The FSHR was expressed in the cytoplasm of triangle cone-like cells by immunofluorescence staining, while FSHR was not observed in control group (without primary antibody) (Fig. 2E), confirming that FOGCs were cultivated successfully and the purity could reach 90%.

3.2 Cell viability assay

The cell growth curve detected by CCK-8 assay (Fig. 2B) showed that cell proliferation significantly happened after 12 h until 48 h (P < 0.05), indicating that the way of cultivated FGOCs growth consist with that in normal cell growth.

3.3 Cytotoxicity of AT- Ⅰ on the primary FOGCs

AT-I treatment in a concentration range (0 µmol/L-300 µmol/L) showed that 1, 3, 10 and 30 µmol/L could effectively promote FOGCs proliferation from 12 h to 48 h (Fig. 3A). 100 µmol/L significantly increased FOGCs proliferation after 36 h and the increased effect of 300 µmol/L happened at 48 h (P < 0.05) (Fig. 3A). In addition, under the microscope, the increased density of granulosa cells by 10 µmol/L AT-I treatment for 36 h was clearly observed as well (Fig. 3B). These results indicated that the 10 µmol/L AT-I could enhance the viability at 36 h most obviously among selected concentration and time points indicating 10 µmol/L could be used as the experimental concentration for following experiment.

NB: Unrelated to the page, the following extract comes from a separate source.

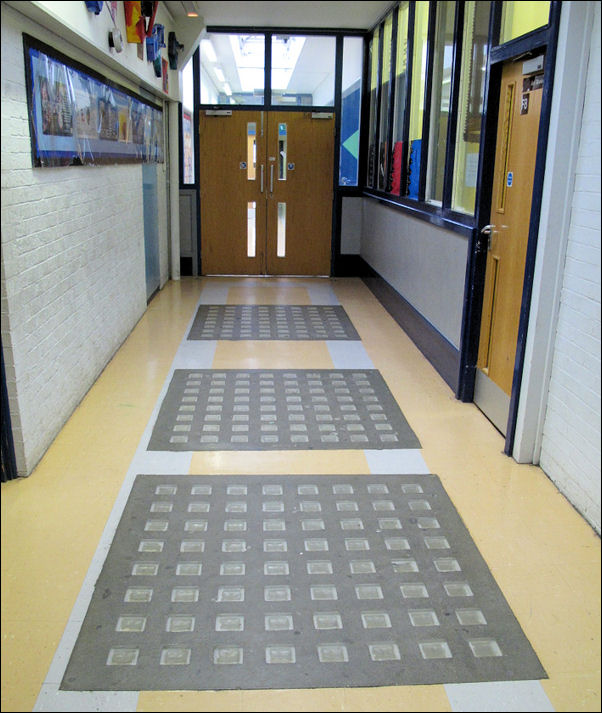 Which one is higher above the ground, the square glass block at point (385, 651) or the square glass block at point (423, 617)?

3.4 The effect of AT-I on the synthesis of E₂ and P₄ in FOGCs

10 µmol/L AT-I could significantly promote the E₂ secretion in FOGCs at 24 h and 36 h, while the increased tendency weakened at 48 h (Fig. 4A). The P₄ concentration significantly increased by AT-I treatment from 12 h to 48 h (Fig. 4B). Although the secretion of E₂ and P₄ was both increased, the ratio of P₄/E₂ indicated that the E₂ secretion was more obviously than P₄ secretion in FOGCs within 36 h after AT-I treatment. However, the secretion pattern of E₂ and P₄ changed at 48 h, in which the FOGCs secret P₄ more obviously than that E₂ secretion(Fig. 4C).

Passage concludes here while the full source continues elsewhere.